- Minglun Location in Guangxi
- Coordinates: 25°12′58″N 108°24′35″E﻿ / ﻿25.21611°N 108.40972°E
- Country: People's Republic of China
- Autonomous region: Guangxi
- Prefecture-level city: Hechi
- Autonomous county: Huanjiang Maonan Autonomous County
- Incorporated (township): 1984
- Designated (town): 1995

Area
- • Total: 447.96 km^{2} (172.96 sq mi)

Population (2019)
- • Total: 41,149
- • Density: 91.859/km^{2} (237.91/sq mi)
- Time zone: UTC+08:00 (China Standard)
- Postal code: 547115
- Area code: 0778

Chinese name
- Simplified Chinese: 明伦镇
- Traditional Chinese: 明倫鎮

Standard Mandarin
- Hanyu Pinyin: Mínglún Zhèn

= Minglun =

Minglun (明伦镇) is a town in Huanjiang Maonan Autonomous County, Guangxi, China. As of the 2019 census it had a population of 41,149 and an area of 447.96 km2.

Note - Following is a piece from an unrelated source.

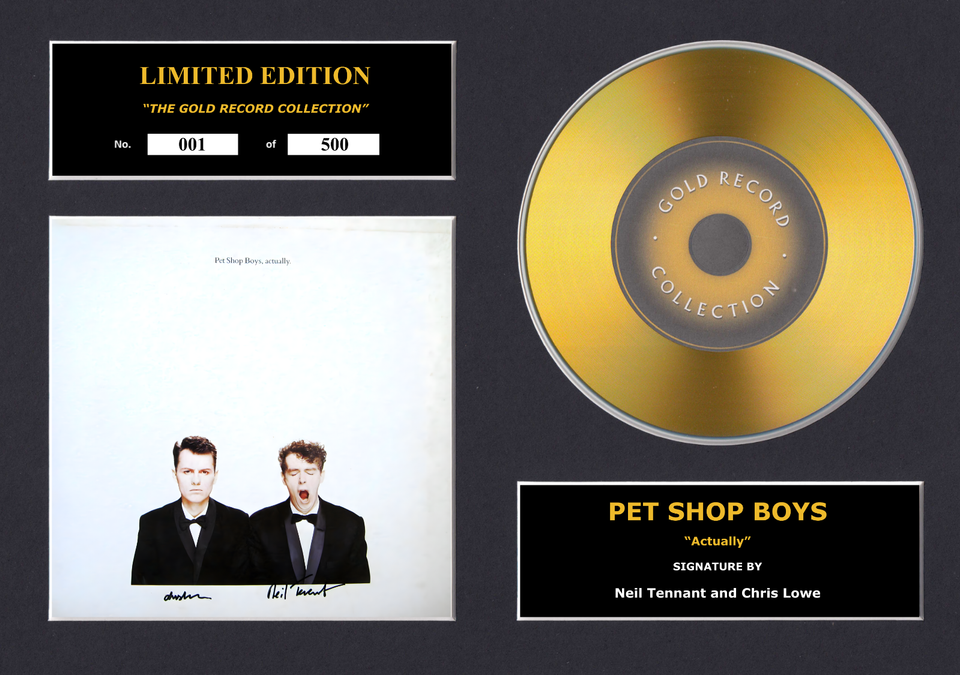Golden Disc Pet Shop Boys Gold Disc Album Ltd Edition Framed Picture Memorabilia ...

==Administrative division==
As of 2021, the town is divided into one community and fifteen villages:
- Minglun Community (明伦社区)
- Yajing (雅京村)
- Longshui (龙水村)
- Xiangyao (相尧村)
- Baoshan (豹山村)
- Caibo (才帛村)
- Cuishan (翠山村)
- Baixiang (百祥村)
- Jixiang (吉祥村)
- Gancheng (干城村)
- Beisong (北宋村)
- Yinghao (英豪村)
- Bamian (八面村)
- Hekuang (合狂村)
- Haodong (豪洞村)
- Liuping (柳平村)

==History==
The area belonged to Anhua Department (安化厅) in 1905, during the late Qing dynasty (1644–1911).

In 1912, it was renamed "Anhua County" (安化县) and soon renamed "Yibei County" (宜北县) in January 1914, and came under the jurisdiction of Liujiang Municipality (柳江道).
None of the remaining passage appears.